EXCERPTED RECORDS:
<<<<
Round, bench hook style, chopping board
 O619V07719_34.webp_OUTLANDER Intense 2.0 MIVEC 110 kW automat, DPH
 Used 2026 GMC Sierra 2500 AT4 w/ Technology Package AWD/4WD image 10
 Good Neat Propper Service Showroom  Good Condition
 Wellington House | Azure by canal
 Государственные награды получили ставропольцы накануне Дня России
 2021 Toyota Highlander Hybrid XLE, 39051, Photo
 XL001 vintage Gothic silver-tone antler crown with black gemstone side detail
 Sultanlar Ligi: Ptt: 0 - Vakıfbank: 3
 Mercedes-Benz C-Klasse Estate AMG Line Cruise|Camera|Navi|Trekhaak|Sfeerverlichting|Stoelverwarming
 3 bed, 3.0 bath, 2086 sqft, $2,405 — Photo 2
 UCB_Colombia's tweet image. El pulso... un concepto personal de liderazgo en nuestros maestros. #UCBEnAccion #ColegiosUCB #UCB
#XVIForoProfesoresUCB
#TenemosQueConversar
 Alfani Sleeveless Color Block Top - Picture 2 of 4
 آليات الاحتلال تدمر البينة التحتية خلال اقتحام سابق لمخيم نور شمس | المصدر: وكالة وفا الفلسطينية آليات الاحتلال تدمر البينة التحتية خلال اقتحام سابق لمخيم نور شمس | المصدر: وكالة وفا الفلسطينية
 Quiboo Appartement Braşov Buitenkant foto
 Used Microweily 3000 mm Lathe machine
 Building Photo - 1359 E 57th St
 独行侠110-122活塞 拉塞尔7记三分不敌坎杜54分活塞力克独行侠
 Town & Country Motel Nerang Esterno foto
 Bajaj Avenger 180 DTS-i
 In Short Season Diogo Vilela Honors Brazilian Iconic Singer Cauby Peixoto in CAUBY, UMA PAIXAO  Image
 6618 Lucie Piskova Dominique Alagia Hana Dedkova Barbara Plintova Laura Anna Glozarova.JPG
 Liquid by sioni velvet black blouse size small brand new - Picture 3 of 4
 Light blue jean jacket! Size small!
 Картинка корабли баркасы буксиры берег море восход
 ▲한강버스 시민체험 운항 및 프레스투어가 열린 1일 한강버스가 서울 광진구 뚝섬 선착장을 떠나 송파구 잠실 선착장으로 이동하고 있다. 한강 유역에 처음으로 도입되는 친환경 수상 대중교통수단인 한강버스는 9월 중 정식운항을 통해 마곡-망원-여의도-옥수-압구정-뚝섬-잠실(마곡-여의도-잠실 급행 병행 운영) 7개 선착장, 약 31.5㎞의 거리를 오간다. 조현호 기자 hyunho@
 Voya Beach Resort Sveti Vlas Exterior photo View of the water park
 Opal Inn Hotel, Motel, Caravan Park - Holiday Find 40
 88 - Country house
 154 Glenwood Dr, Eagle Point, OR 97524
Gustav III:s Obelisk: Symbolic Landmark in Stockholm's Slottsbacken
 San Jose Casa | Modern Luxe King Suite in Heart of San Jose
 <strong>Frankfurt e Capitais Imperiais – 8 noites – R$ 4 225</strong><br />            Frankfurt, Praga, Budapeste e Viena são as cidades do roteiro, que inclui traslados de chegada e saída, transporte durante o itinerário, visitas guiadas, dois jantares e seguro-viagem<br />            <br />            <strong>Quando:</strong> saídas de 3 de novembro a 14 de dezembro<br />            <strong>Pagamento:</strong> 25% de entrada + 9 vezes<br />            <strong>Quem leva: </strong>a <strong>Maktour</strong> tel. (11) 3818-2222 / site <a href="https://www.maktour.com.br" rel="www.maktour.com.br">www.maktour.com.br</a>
>>>>
ASSIGNMENT:
Whatever else the listing above holds, retype exactly only the lines from the one containing "XL001 vintage Gothic" to the one containing "Liquid by sioni", both ends kept.

SOLUTION TO THE EXERCISE:
 XL001 vintage Gothic silver-tone antler crown with black gemstone side detail
 Sultanlar Ligi: Ptt: 0 - Vakıfbank: 3
 Mercedes-Benz C-Klasse Estate AMG Line Cruise|Camera|Navi|Trekhaak|Sfeerverlichting|Stoelverwarming
 3 bed, 3.0 bath, 2086 sqft, $2,405 — Photo 2
 UCB_Colombia's tweet image. El pulso... un concepto personal de liderazgo en nuestros maestros. #UCBEnAccion #ColegiosUCB #UCB
#XVIForoProfesoresUCB
#TenemosQueConversar
 Alfani Sleeveless Color Block Top - Picture 2 of 4
 آليات الاحتلال تدمر البينة التحتية خلال اقتحام سابق لمخيم نور شمس | المصدر: وكالة وفا الفلسطينية آليات الاحتلال تدمر البينة التحتية خلال اقتحام سابق لمخيم نور شمس | المصدر: وكالة وفا الفلسطينية
 Quiboo Appartement Braşov Buitenkant foto
 Used Microweily 3000 mm Lathe machine
 Building Photo - 1359 E 57th St
 独行侠110-122活塞 拉塞尔7记三分不敌坎杜54分活塞力克独行侠
 Town & Country Motel Nerang Esterno foto
 Bajaj Avenger 180 DTS-i
 In Short Season Diogo Vilela Honors Brazilian Iconic Singer Cauby Peixoto in CAUBY, UMA PAIXAO  Image
 6618 Lucie Piskova Dominique Alagia Hana Dedkova Barbara Plintova Laura Anna Glozarova.JPG
 Liquid by sioni velvet black blouse size small brand new - Picture 3 of 4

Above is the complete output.